Майор поймал руку кудесника, чмокнул.
И завязался узелок…
Поговорили. Излил «золотопромышленник» святому человеку свою мятущуюся душу. По ходу дела манеру говорить пришлось смодифицировать. Одно дело на публике, другое с глазу на глаз. Вблизи, да наедине, Странник показался Зеппу куда как не глуп. Грубой лестью можно было все дело испортить. Поэтому говорил без воплей, без «святых чудотворцев» с «прозорливцами», а искренним тоном, доверительно.
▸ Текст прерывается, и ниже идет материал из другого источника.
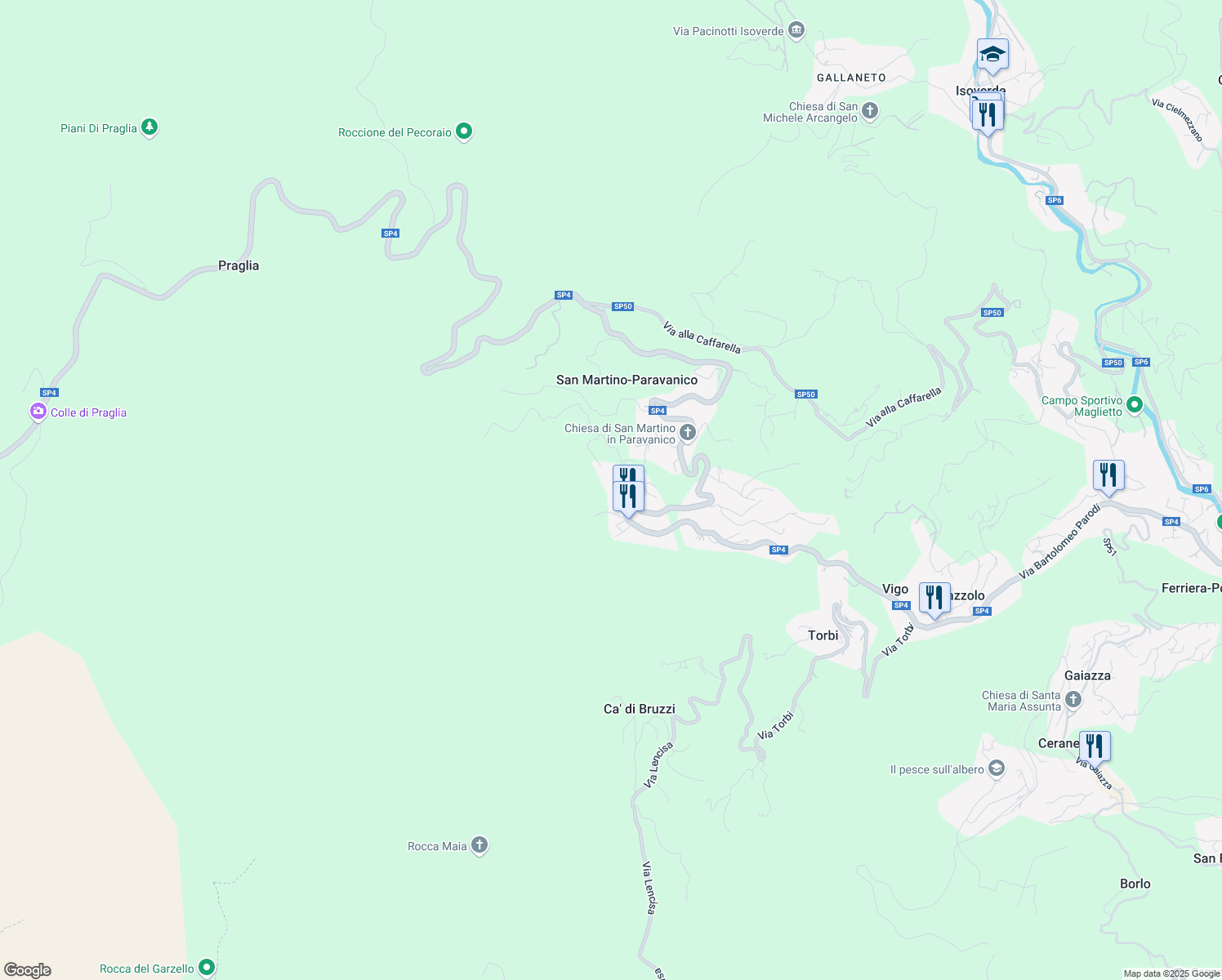 map of restaurants, bars, coffee shops, grocery stores, and more near Strada Provinciale 4 in San Martino-paravanico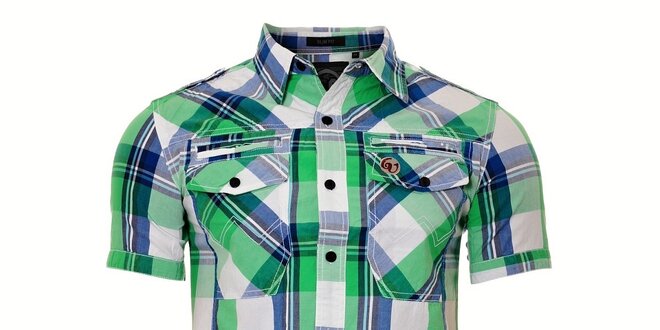 Pánská modro-zelená kostkovaná košile SixValves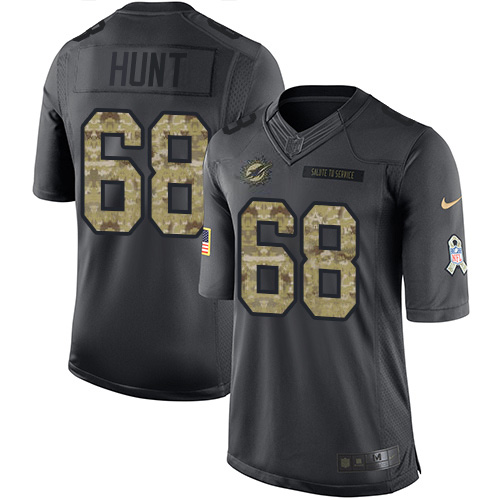 Personalized Dolphins #68 Robert Hunt Black Men’s Stitched NFL Limited 2016 Salute to Service Jersey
Пустота экзистенции одолела Емельяна Базарова. Когда всё у тебя есть и всего, чего желал, добился, вдруг перестаешь понимать, на что оно нужно — деньги, удача, самоё жизнь. И пить пробовал, и на войне побывал, даже кокаин нюхал — не отпускает. До того, самоед, дошел, что больным и бедным завидует: им есть о чем мечтать и Бога просить. А он, грех сказать, и в Бога-то не очень. Но душу не пропьешь, не обдуришь, она света и чуда алчет. И вот оно чудо, вот он свет! Тот свет, что из глаз ваших излился, когда вы на идиота этого воззрели.
Это, так сказать, в коротком пересказе, а живописал Зепп свои высокие переживания долго. Пару раз прерывался на скупые мужские слезы.
Странник поил его чаем, кивал, подперев щеку и пригорюнившись.
Сидели на кухне. Очевидно, это было главное место в доме — по деревенской привычке.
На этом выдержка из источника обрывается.